:: About this exercise ::
Repeat the stretch of entries below from the line with "游摄浓冬·游学院坝上蒸汽火车冬捕银驼节" through the line with "Suspeita de fabricar". Include both ends and add nothing.

Dataset extract section start

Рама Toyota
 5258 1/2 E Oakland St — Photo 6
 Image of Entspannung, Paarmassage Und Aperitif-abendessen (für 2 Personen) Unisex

Dataset extract section end
Dataset extract section start

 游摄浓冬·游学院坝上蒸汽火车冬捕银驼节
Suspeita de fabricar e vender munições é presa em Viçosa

Dataset extract section end

:: Result of the task ::
 游摄浓冬·游学院坝上蒸汽火车冬捕银驼节
Suspeita de fabricar e vender munições é presa em Viçosa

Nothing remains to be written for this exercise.